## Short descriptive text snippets
---
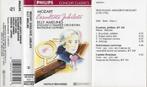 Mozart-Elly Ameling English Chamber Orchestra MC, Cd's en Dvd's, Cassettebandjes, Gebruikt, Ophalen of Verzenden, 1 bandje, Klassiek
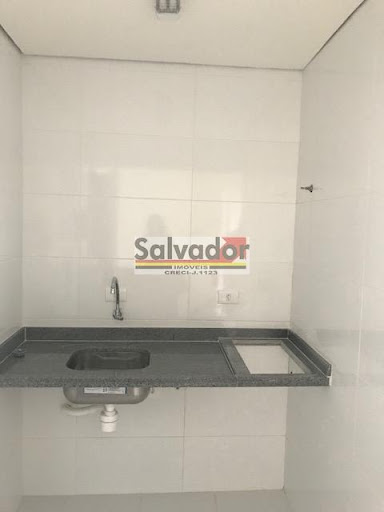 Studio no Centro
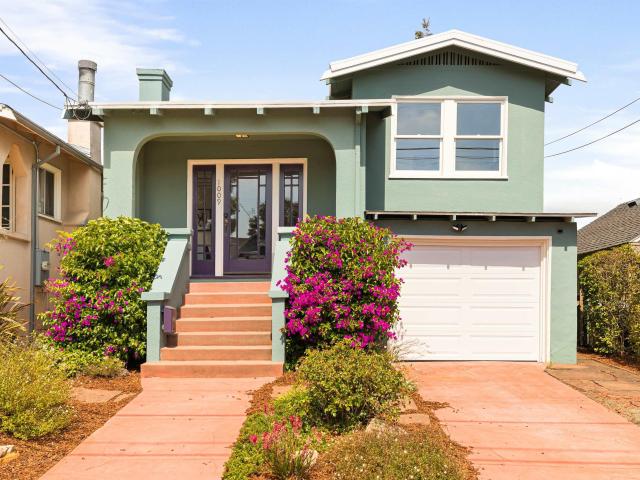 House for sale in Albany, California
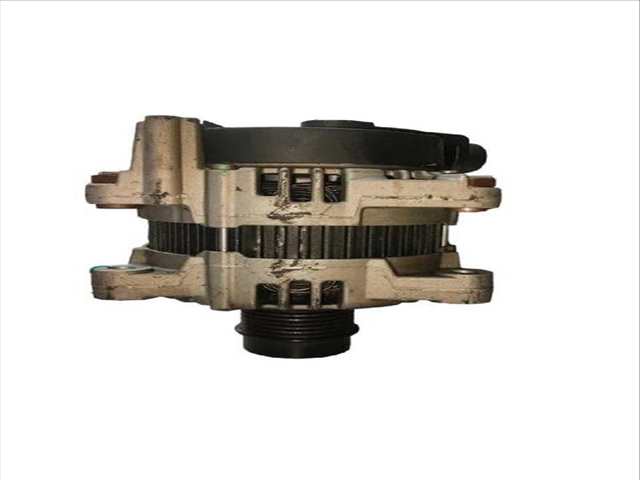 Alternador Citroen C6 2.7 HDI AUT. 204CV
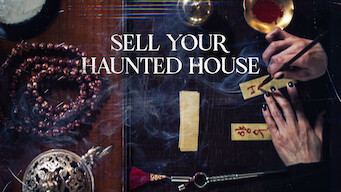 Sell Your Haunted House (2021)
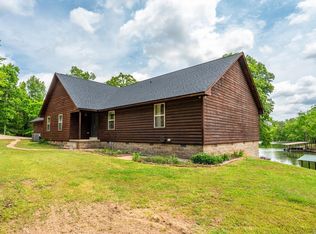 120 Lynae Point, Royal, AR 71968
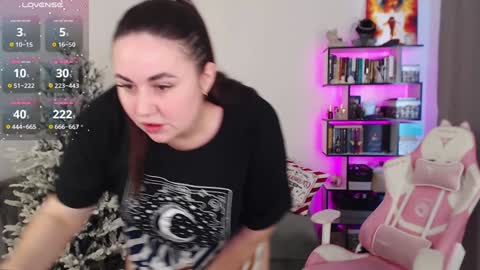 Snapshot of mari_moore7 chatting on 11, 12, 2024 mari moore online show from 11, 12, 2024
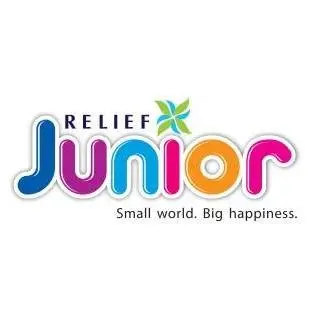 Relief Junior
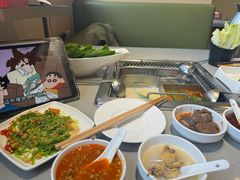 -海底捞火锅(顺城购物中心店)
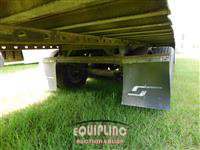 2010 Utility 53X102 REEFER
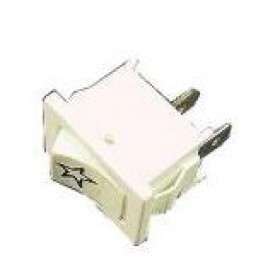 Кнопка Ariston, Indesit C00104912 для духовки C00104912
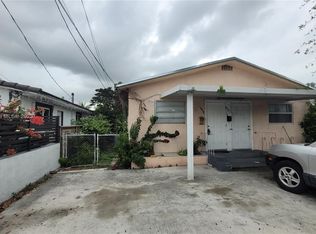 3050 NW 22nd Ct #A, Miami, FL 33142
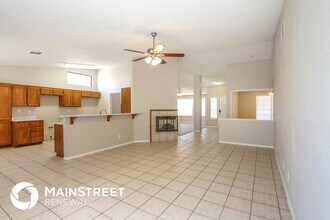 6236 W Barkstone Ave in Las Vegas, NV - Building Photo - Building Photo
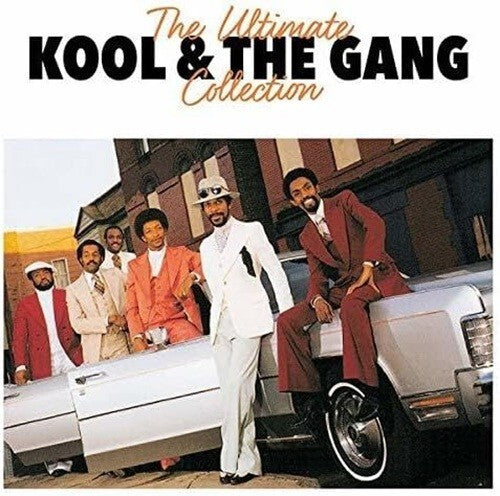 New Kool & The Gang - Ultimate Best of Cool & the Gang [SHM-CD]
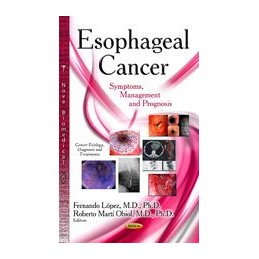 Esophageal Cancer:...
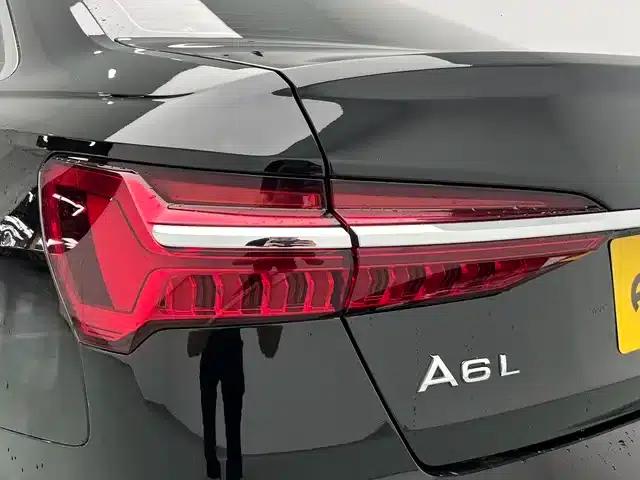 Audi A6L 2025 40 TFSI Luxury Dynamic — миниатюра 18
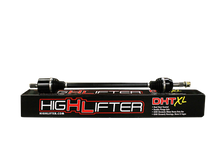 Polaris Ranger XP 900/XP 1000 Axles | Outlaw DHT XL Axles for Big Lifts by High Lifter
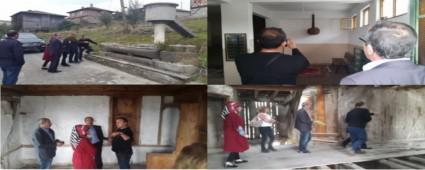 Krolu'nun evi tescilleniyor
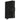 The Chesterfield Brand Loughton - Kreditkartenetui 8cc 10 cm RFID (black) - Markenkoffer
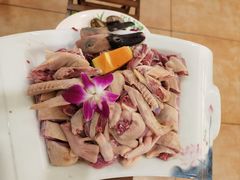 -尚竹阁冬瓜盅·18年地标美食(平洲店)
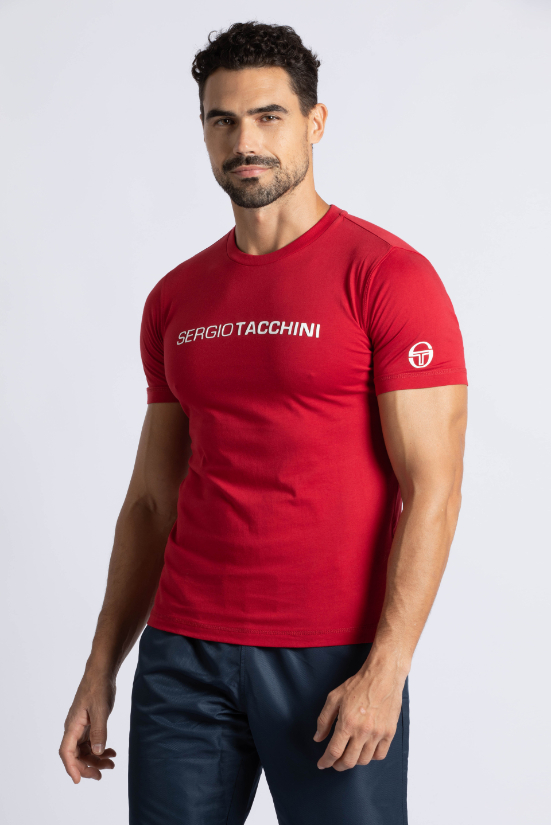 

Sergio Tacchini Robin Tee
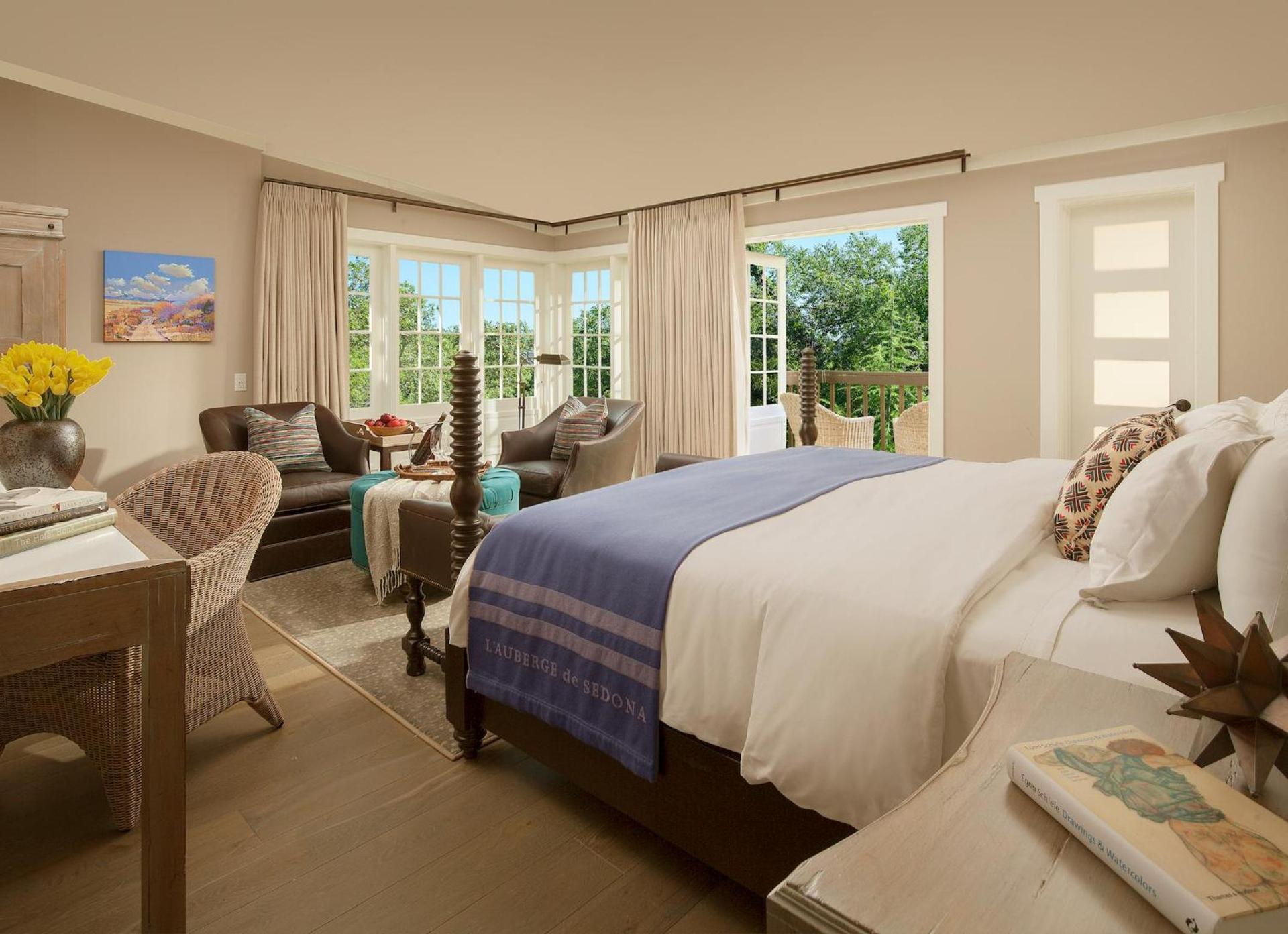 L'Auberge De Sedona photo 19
---
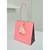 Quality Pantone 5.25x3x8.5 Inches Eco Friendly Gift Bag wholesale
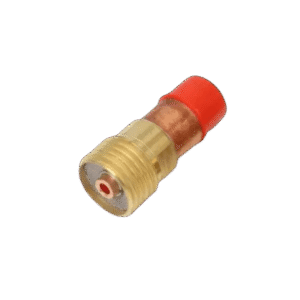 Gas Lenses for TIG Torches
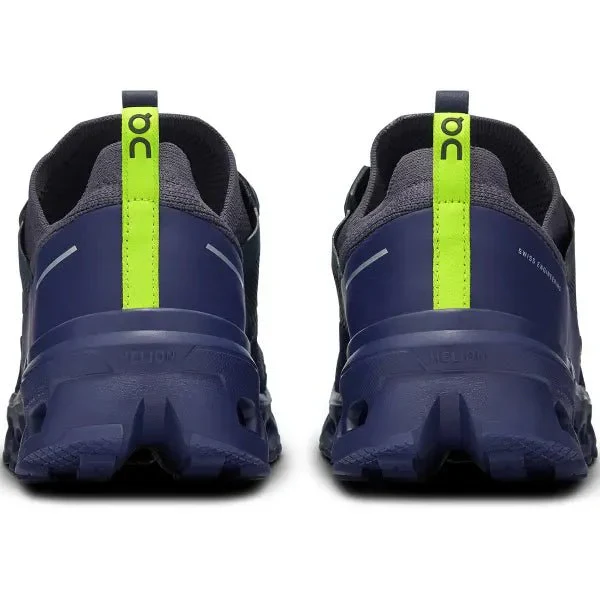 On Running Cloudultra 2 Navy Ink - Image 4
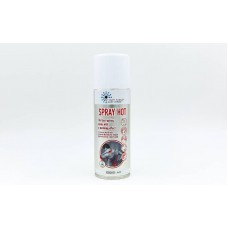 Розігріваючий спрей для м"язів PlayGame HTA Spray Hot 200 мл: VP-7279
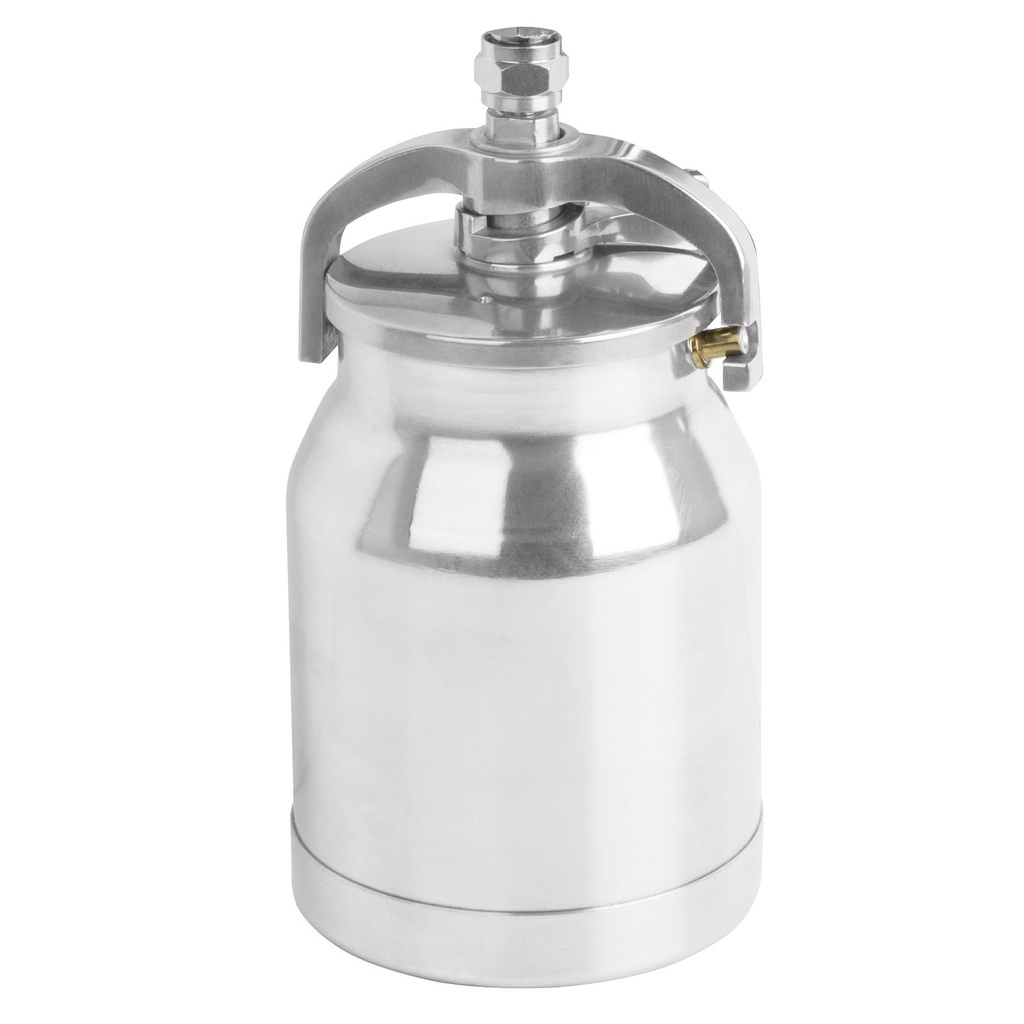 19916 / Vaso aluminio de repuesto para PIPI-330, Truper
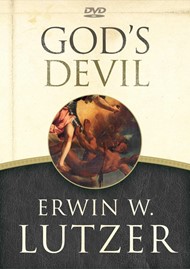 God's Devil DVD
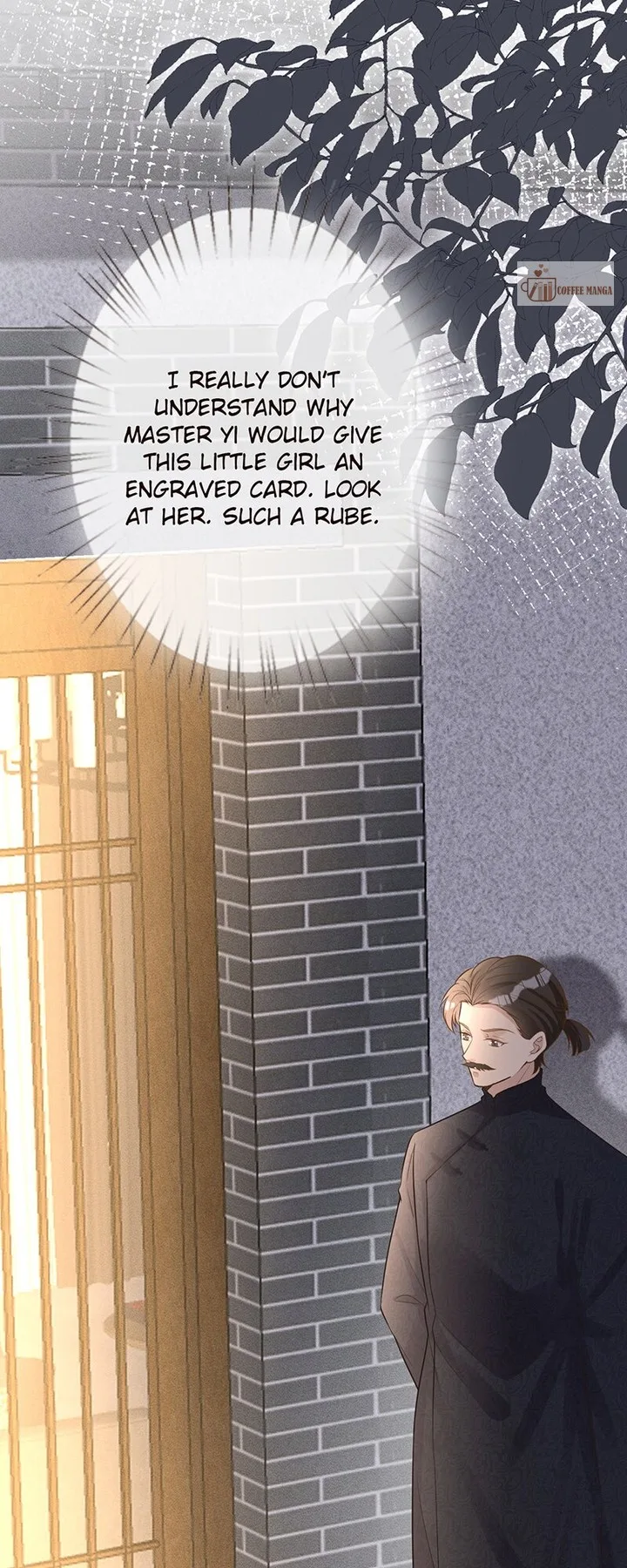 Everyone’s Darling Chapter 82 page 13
---
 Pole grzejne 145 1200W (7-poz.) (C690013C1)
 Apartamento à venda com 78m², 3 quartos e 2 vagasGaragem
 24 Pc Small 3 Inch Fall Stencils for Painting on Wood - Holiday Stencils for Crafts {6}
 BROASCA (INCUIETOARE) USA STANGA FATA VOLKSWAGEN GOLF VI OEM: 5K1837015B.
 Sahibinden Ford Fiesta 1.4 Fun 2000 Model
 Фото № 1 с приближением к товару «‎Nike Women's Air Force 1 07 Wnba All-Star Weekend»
---
## Work instruction
Above are the records; copy exactly the lines from the one with "Krolu'nun evi tescilleniyor" through the one with "L'Auberge De Sedona photo 19", including both, and nothing more. Leave out pictures.

## Result of this task
 Krolu'nun evi tescilleniyor
 The Chesterfield Brand Loughton - Kreditkartenetui 8cc 10 cm RFID (black) - Markenkoffer
 -尚竹阁冬瓜盅·18年地标美食(平洲店)

Sergio Tacchini Robin Tee
 L'Auberge De Sedona photo 19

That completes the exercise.